35. Don’t fall prey to premature optimization. That way lies madness. In particular, don’t worry about writing (or avoiding) inline functions, making some functions nonvirtual, or tweaking code to be efficient when you are first constructing the system. Your primary goal should be to prove the design, unless the design requires a certain efficiency.
1. First make it work, then make it fast. This is true even if you are certain that a piece of code is really important and that it will be a principal bottleneck in your system. Don’t do it. Get the system going first with as simple a design as possible. Then if it isn’t going fast enough, profile it. You’ll almost always discover that “your” bottleneck isn’t the problem. Save your time for the really important stuff.

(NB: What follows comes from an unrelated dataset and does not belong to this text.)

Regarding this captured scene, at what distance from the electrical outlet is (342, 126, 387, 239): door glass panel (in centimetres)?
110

35. Don’t fall prey to premature optimization. That way lies madness. In particular, don’t worry about writing (or avoiding) inline functions, making some functions nonvirtual, or tweaking code to be efficient when you are first constructing the system. Your primary goal should be to prove the design, unless the design requires a certain efficiency.
"Whoops..."
Agreed, but not.randomMesh wrote:1. First make it work, then make it fast.
Balance is important-- not just in programming but in life, too...
Making things "work" without making them reasonably fast will lead to a horrible mess; making things insanely fast before making them work will lead to nothing.
I know several computer engineers and a professional game developer, and every time I talk to them about optimization, they say that it's best to let the compiler do the simple optimizations (such as knowing whether to bit shift or multiply or divide) and focus on optimizing your program at a higher level. For example, no matter what compiler you use, heapsort will (almost always) outperform bubblesort. Work on the higher-level structure of your code and let the optimizing compiler deal with the details.